Upaya ini bertujuan membantu masyarakat mendapatkan air bersih di wilayah krisis air.

Rep: Intan Pratiwi/ Red: Andi Nur Aminah
Pekerja membuat sumur bor di sekitar lahan gambut (ilustrasi)
Foto: ANTARA FOTO/Saptono
Pekerja membuat sumur bor di sekitar lahan gambut (ilustrasi)

REPUBLIKA.CO.ID,  JAKARTA -- Air tanah merupakan sumber air terpenting untuk penyediaan air bersih bagi kehidupan. Sebagai salah satu sumber daya alam, ketersediaan air tanah harus tetap dijaga, mengingat proses pembentukannya membutuhkan jangka waktu yang cukup lama. Air tanah terbentuk bisa bulanan hingga ribuan tahun, tergantung curah hujan dan kondisi hidrogeologi daerah setempat.

Dengan kondisi geologi Indonesia yang cukup rumit dan bervariasi, potensi ketersediaan air tanah juga sangat variatif antara satu wilayah dengan wilayah lainnya. Dalam rangka membantu masyarakat mendapatkan air bersih di wilayah yang sulit air, Badan Geologi Kementerian ESDM melalui Pusat Air Tanah dan Geologi Tata Lingkungan (PATGTL) memberikan bantuan sarana air bersih melalui pembangunan sumur bor di wilayah sulit air.

"Badan Geologi mempunyai progam pelayanan air bersih di daerah sulit air melalui pengeboran air tanah. Dalam kurun tahun 2005-2017, Badan Geologi telah menyediakan 1.782 unit sumur bor tersebar di di 312 kabupaten dan kota di seluruh Indonesia. Secara keseluruhan kapasitas produksi dari seluruh sumur tersebut adalah sekitar 100 juta m3 per tahun untuk melayani 5 juta jiwa," demikian disampaikan Kepala Badan Geologi, Rudy Suhendar dikutip esdm.go.id, Senin (19/3).

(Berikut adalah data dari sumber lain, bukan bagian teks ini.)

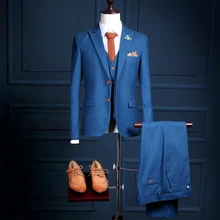 NA20 новая модель на заказ две пуговицы Королевский синий человек официальная одежда для выпускного вечера смокинги(пальто+ брюки+ жилет) Slim Fit Мужские костюмы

Menurut Rudy, selain memberikan bantuan sarana air bersih, Badan Geologi juga menerbitkan Peta Zona Konservasi Air Tanah yang menunjukkan tingkat kerusakan air tanah baik secara kualitas maupun kuantitas. Peta tersebut disusun berdasarkan Cekungan Air Tanah (CAT) yang sudah ditetapkan oleh Menteri ESDM melalui Permen ESDM Nomor 2 tahun 2017.

Beberapa CAT, terutama yang berada di kota besar sudah menunjukkan tingkat kerusakan yang cukup berarti. Misalnya, CAT Jakarta, CAT Serang-Tangerang (Kota Tangerang dan sekitarnya) CAT Bandung-Soreang (Kota Bandung dan sekitarnya), dan CAT Denpasar-Tabanan (Kota Denpasar dan sekitarnya). Selain tingkat kerusakan kondisi air tanah yang terus meningkat seiring dengan meningkatnya jumlah penggunaan air tanah, kondisi ini juga dapat memicu peningkatan laju penurunan tanah (land subsidence) dan semakin jauhnya penyusupan (intrusi) air laut (asin) ke daratan.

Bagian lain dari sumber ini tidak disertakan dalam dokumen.